**WHAT THE EXERCISE ASKS**
Figure out how many lines in these records contain "Pink". Only the number belongs in the reply.

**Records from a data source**
********************
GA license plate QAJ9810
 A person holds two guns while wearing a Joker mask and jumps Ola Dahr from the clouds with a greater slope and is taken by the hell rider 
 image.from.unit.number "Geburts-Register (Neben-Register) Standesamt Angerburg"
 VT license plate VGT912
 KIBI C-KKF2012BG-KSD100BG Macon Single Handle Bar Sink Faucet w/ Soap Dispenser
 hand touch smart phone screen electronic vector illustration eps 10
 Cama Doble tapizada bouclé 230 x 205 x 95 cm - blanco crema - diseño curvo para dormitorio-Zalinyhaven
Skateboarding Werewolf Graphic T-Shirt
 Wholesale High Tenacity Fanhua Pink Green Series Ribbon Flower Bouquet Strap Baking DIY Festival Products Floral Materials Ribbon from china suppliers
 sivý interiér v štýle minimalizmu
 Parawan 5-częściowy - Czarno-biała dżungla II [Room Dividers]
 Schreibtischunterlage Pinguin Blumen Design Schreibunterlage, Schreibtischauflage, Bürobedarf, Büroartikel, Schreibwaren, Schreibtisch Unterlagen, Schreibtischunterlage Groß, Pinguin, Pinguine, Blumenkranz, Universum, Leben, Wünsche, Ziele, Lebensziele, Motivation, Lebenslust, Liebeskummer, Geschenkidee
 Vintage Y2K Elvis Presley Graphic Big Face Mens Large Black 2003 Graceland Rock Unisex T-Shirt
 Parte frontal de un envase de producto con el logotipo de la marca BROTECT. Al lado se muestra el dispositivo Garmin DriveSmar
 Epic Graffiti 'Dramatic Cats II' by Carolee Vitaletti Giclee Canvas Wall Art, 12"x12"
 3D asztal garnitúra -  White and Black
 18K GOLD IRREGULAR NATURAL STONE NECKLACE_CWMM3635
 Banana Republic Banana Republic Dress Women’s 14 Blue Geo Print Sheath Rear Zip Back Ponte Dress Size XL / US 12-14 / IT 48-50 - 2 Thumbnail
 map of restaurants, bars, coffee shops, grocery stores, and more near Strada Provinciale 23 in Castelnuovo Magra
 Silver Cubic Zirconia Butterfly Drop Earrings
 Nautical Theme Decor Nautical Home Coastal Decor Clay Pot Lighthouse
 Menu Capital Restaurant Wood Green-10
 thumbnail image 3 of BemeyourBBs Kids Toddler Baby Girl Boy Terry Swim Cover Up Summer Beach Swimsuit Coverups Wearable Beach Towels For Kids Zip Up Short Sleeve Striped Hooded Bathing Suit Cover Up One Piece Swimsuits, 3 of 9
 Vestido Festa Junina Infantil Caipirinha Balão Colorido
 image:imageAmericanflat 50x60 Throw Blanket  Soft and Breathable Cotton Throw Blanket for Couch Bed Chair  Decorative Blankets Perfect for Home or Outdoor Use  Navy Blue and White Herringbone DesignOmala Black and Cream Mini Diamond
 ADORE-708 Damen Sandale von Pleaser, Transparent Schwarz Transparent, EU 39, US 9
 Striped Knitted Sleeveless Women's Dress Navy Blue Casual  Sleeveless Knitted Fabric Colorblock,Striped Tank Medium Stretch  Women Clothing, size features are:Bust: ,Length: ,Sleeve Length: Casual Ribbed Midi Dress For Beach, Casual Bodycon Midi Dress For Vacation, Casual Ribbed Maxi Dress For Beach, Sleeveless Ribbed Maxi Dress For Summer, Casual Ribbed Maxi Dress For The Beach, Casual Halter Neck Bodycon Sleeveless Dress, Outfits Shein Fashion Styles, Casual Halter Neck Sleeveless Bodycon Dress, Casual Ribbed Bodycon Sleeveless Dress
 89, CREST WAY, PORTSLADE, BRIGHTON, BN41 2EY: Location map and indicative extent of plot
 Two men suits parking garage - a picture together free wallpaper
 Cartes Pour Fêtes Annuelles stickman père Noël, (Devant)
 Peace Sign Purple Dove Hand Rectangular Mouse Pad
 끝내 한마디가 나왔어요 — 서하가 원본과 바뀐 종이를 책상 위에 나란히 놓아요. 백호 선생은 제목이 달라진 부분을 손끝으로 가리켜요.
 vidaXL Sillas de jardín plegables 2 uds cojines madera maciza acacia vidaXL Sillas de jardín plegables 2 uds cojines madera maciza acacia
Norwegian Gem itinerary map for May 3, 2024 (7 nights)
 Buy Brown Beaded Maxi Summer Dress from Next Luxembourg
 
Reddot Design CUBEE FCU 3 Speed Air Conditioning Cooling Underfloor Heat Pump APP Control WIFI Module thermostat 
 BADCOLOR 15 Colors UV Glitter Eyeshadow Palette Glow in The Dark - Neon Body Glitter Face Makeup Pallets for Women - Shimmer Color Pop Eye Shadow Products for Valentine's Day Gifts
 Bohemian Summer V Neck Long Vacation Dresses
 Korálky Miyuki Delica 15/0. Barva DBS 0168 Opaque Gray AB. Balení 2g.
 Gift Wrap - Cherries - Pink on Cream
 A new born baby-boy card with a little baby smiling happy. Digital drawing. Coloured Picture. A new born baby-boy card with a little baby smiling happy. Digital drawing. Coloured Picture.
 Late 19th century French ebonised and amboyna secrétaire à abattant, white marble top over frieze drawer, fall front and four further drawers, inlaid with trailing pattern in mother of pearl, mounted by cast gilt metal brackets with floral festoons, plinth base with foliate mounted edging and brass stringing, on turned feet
********************
**EXPECTED OUTPUT**
2